NL: Wie hat sich seit­her die Muse­ums­welt verändert?

CS: Das Sam­meln ist in vie­len Hin­sich­ten pro­fes­sio­nel­ler gewor­den. Eini­ge Bei­spie­le: Muse­en erstel­len heu­te Samm­lungs­kon­zep­te, damit die Annah­men insti­tu­tio­nel­le Wer­te, nicht per­sön­li­che Vor­lie­ben spie­geln. Die Digi­ta­li­sie­rung hat Ein­zug in die Muse­en gefun­den (wenn­gleich ver­gleichs­wei­se spät, Archi­ve waren schnel­ler). Man sam­melt das imma­te­ri­el­le Erbe, also Ton- und Bild­auf­nah­men, zum Bei­spiel oral histo­ry. Die­se stel­len uns vor neue Fra­gen, etwa: auf wel­chen Trä­gern man sie für die Zukunft spei­chert. Und man sam­melt zuneh­mend die Gegen­wart. Als ich in Basel war, gab es eine Situa­ti­on, die ich heu­te anders sehe: Wir fan­den anti­se­mi­ti­sche Zet­tel im Brief­kas­ten – und leg­ten sie zur Sei­te, ohne die­se als Neu­zu­gän­ge in Erwä­gung zu zie­hen. Heu­te wür­de ich sie in die Samm­lung aufnehmen.

NL: Du hast im Regio­nal­mu­se­um Chüech­li­hus zum Ent­sam­meln auf­ge­ru­fen. Weshalb? 
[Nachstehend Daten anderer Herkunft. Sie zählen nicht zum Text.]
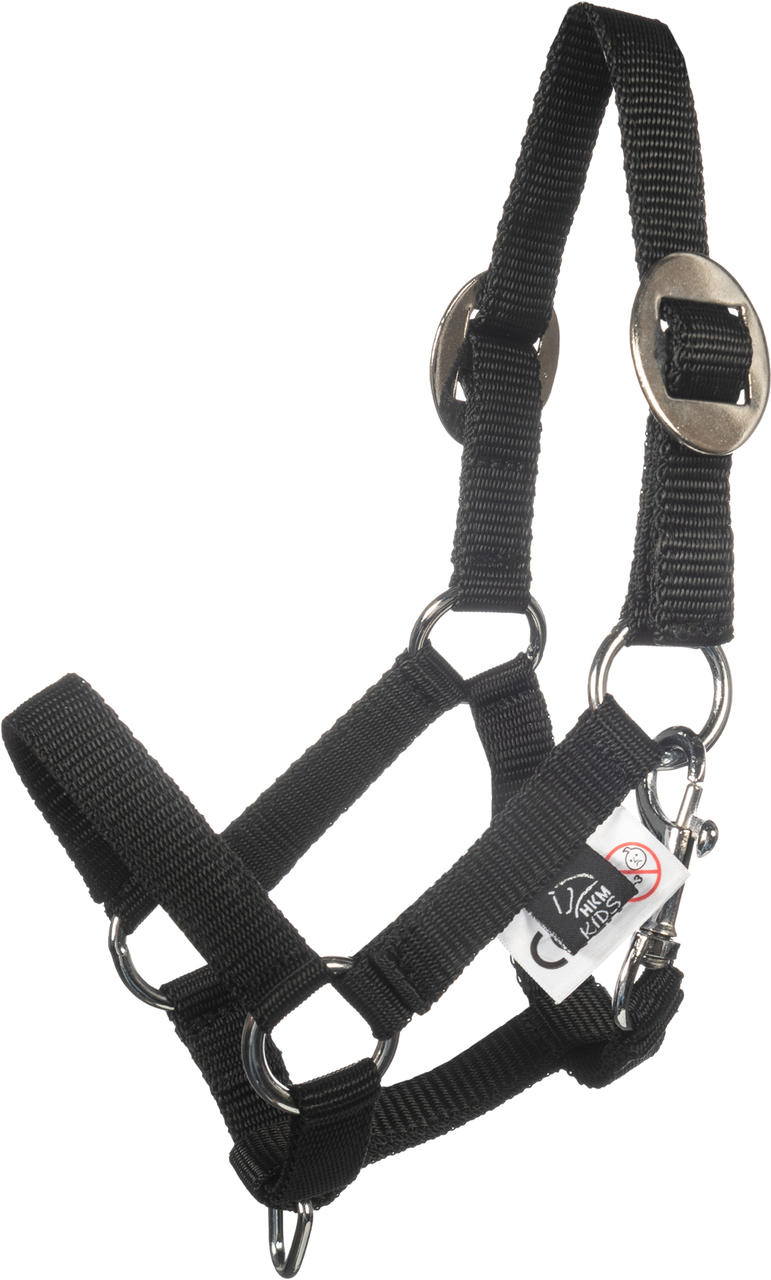 HKM Licol et longe - Hobby Horsing Basic -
CS: Im Regio­nal­mu­se­um Chüech­li­hus waren die Depots über­la­den und unüber­sicht­lich: Vie­le Objek­te gab es in mehr­fa­cher Aus­füh­rung, ande­re Din­ge waren undo­ku­men­tiert, wei­te­re Sachen waren es nicht wert, gesam­melt zu wer­den. Aus­ser­dem ent­spra­chen die­se Räu­me auch nicht mehr den heu­ti­gen Anfor­de­run­gen an ein Muse­ums­de­pot. Eine Depot­zu­sam­men­le­gung und damit der Umzug der Objek­te in ein ein­zi­ges, den Objekt­be­dürf­nis­sen ent­spre­chen­des Muse­ums­de­pot war des­halb unum­gäng­lich. Dabei war klar, dass wir jedes Objekt aus der Samm­lung in die Hand neh­men wer­den. Und des­halb haben wir uns dafür ent­schie­den, im glei­chen Schritt zu prü­fen, ob und wel­che Objek­te aus der Samm­lung ent­las­sen wer­den kön­nen. Der Auf­wand einer Deak­zes­si­on ist gross – ins­be­son­de­re, wenn man sie trans­pa­rent und par­ti­zi­pa­tiv durch­führt, wie wir das tun. Es hat sich mei­nes Erach­tens aber bereits mit der ers­ten Durch­füh­rung gelohnt: Wir haben inter­es­san­te Gesprä­che über Samm­lungs­pro­zes­se geführt. Unter­schied­li­che Men­schen – auch ver­meint­lich Unbe­tei­lig­te – enga­gier­ten sich. Wir erhiel­ten Ein­sich­ten in «schlum­mern­de» Objek­te und krea­ti­ve Vor­schlä­ge für die neue Nut­zung aus­ran­gier­ter Objek­te. Es ist eine schö­ne Erfah­rung.– Gleich­wohl wür­de ich emp­feh­len: Vor­sicht bei Neu­zu­gän­gen! Objek­te weg­zu­ge­ben ist schluss­end­lich schwie­ri­ger, als Objek­te nicht anzunehmen.

NL: Lie­be Car­men, wir neh­men uns das zu Her­zen. Vie­len Dank für das Gespräch!